In 1943, General Motors (GM) brought in Peter Drucker to conduct a two-year social-scientific examination of what was then the world’s largest corporation. Drucker conducted many interviews with GM’s corporate leaders, divisional managers, department chiefs, and line workers. He analyzed decision-making and production processes. The resultant landmark study, Concept of the Corporation (1946,) laid the foundations of scientific management as a formal discipline.
One anecdote that Drucker liked to share from his GM research involved how his client, GM supremo Alfred P. Sloan, Jr., generally encouraged disagreements:
During a meeting in which GM’s top management team was considering a weighty decision, Sloan closed the meeting by asking, “Gentlemen, I take it we are all in complete agreement on the decision here?”
Sloan then waited as each member of the assembled committee nodded in agreement.
Sloan continued, “Then, I propose we postpone further discussion of this matter until our next meeting to give ourselves time to develop disagreement and perhaps gain some understanding of what this decision is about.”
Concrete Disagreement Stimulates Thought
Strong leaders encourage their team members to challenge them and question consensus. Leaders so counter the tendency toward synthetic harmony that emanates from group thinking and the risk of unchallenged leadership.
A team member with a difference of opinion or contrary position that’s well rooted in rationale is not to be reprimanded. He may have judgments worth listening to or recommendations worth heeding. Every team needs at least one to keep the team from falling into complacency. A team’s culture shouldn’t shun discouragement and conflict.. Look out, though, for team members who merely pay lip service to allow for the counterargument.
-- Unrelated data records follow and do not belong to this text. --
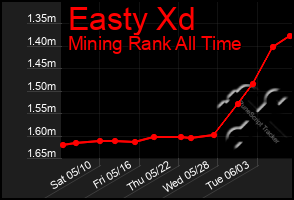 Total Graph of Easty Xd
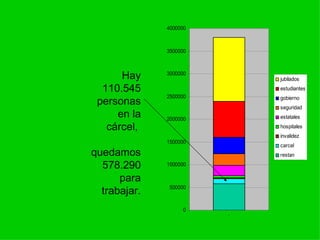 Hay 110.545 personas en la cárcel,  quedamos 578.290 para trabajar. 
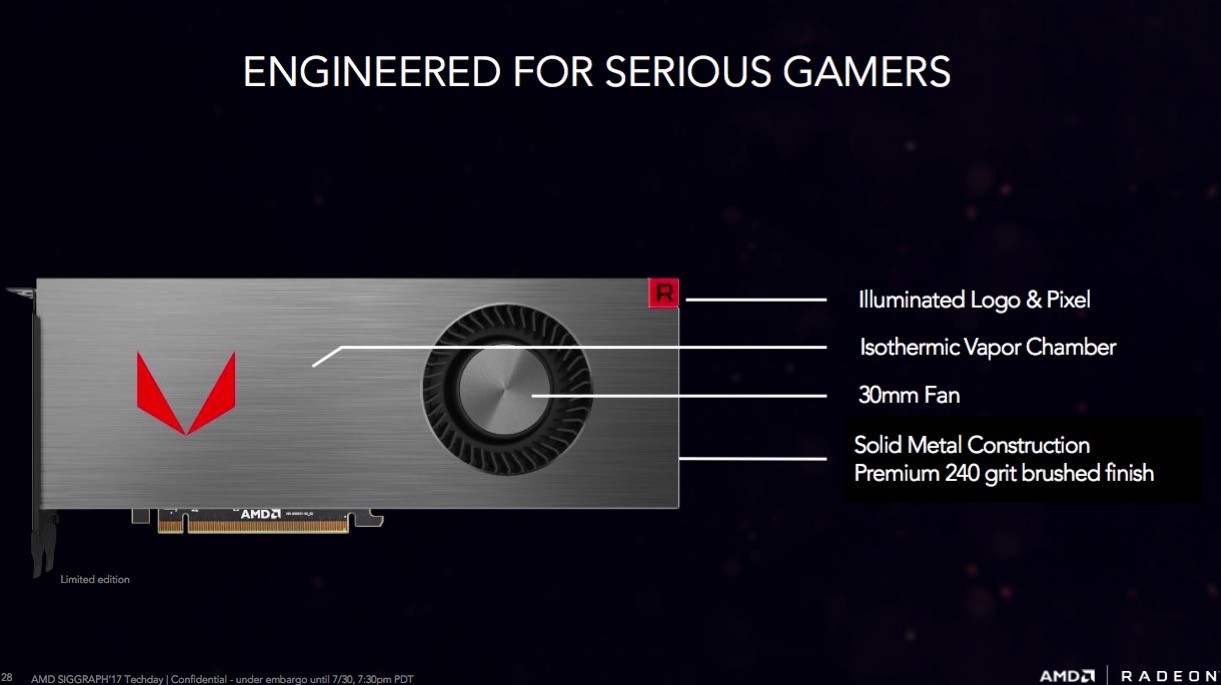 AMD Radeon RX Vega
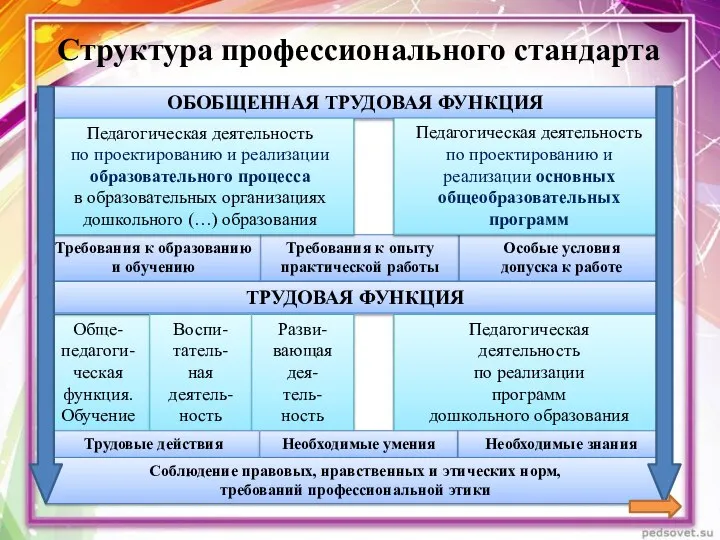 Структура профессионального стандарта ОБОБЩЕННАЯ ТРУДОВАЯ ФУНКЦИЯ Требования к образованию и обучению Требования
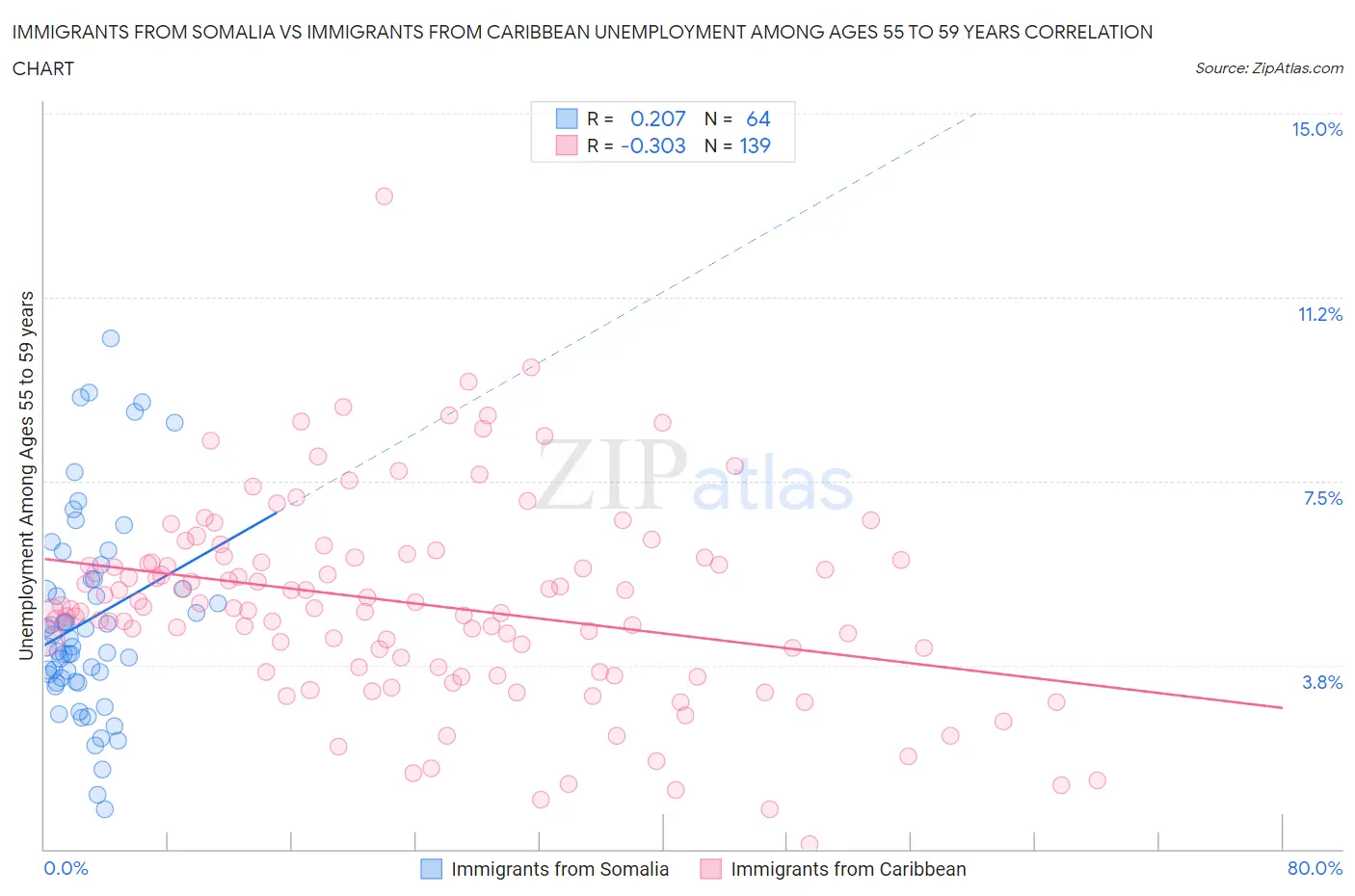 Immigrants from Somalia vs Immigrants from Caribbean Unemployment Among Ages 55 to 59 years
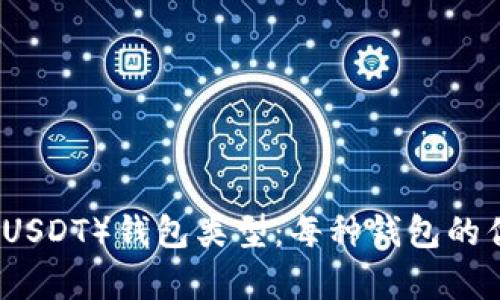 全面解析泰达币（USDT）钱包类型：每种钱包的优缺点与选择指南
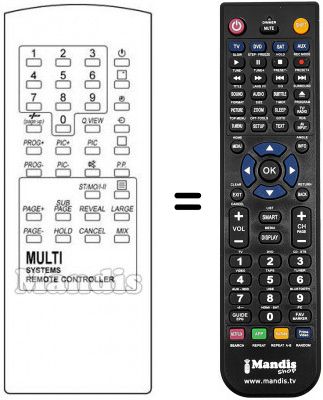 Télécommande équivalente MULTI SYSTEM REMOTE CONTROL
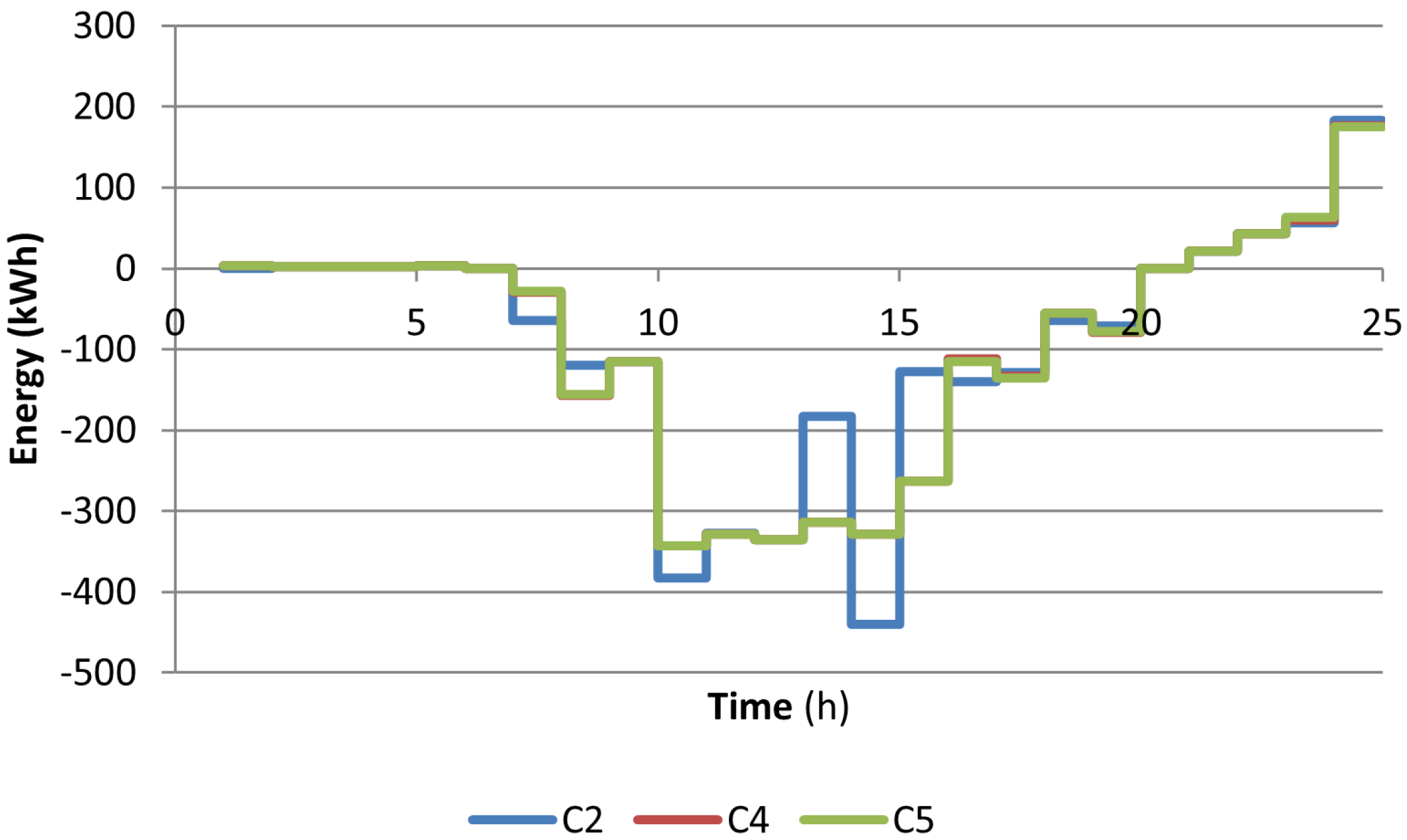 Energies 15 01317 g004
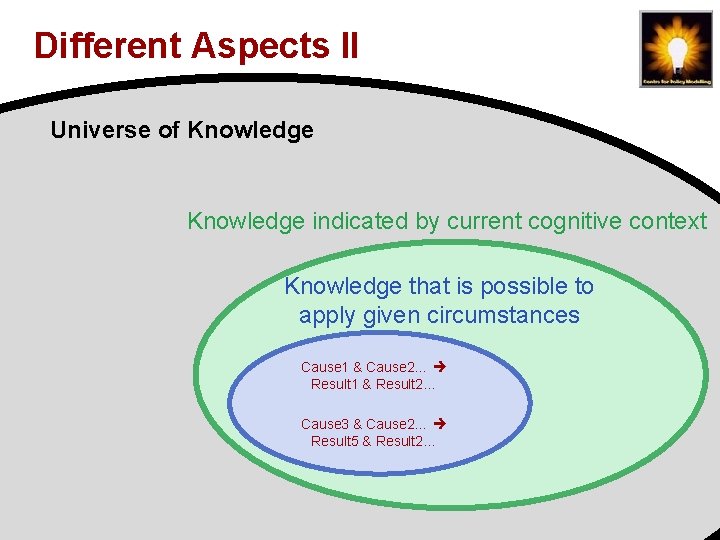 Different Aspects II Universe of Knowledge indicated by current cognitive context Knowledge that is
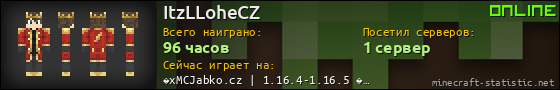 Юзербар 560x90 для ItzLLoheCZ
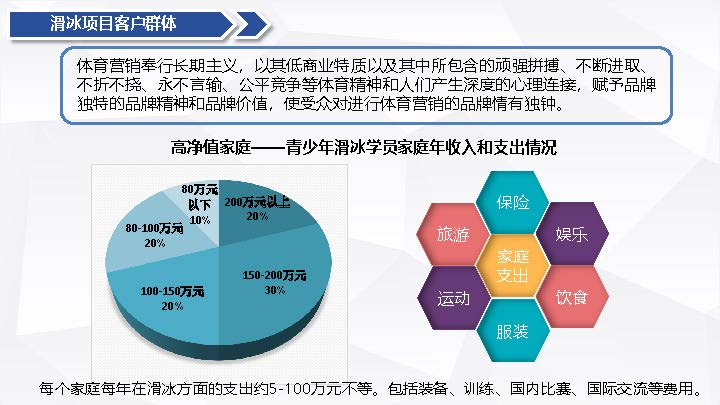 北京市滑冰协会合作方案20220422(1)_页面_17.jpg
There are three reasons why dissent is needed. It first safeguards the decision maker against becoming the prisoner of the organization. Everybody is special pleader, trying—often in perfectly good faith—to obtain the decision he favors. Second, disagreement alone can provide alternatives to decision. And decision without an alternative is desperate gamblers’ throw, no matter how carefully thought through it might be. Above all, disagreement is needed to stimulate the imagination.
The Best Leaders Encourage Disagreements
Dissent and disagreement are critical to combat confirmation bias—the human tendency to readily seek and accept ostensible facts that match our existing worldview rather than objectively considering alternative viewpoints and unintended consequences.
What’s worse, leaders tend to surround themselves with like-minded individuals—people they trust and people who think alike. Drucker later wrote in his wide-ranging treatise on Management: Tasks, Responsibilities, Practices (1974,)
Sloan always emphasized the need to test opinions against facts and the need to make absolutely sure that one did not start out with the conclusion and then look for the facts that would support it. But he knew that the right decision demands adequate disagreement.
An effective decision-maker organizes dissent. This protects him against being taken in by the plausible but false or incomplete. It gives him the alternatives so that he can choose and make a decision, but also ensures that he is not lost in the fog when his decision proves deficient or wrong in execution. And it forces the imagination—his own and that of his associates. Dissent converts the plausible into the right and the right into the good decision.
Idea for Impact: The more you encourage healthy debate within your team, the better off you’ll be
The first rule in decision-making should be that you don’t make any decision unless you’ve sought out and contemplated the counterevidence. Consider the other side of any idea as carefully as your own.
Wise leaders proactively seek the truth they don’t want to find. Encourage authentic dissenting opinions to generate more—and better—solutions to problems.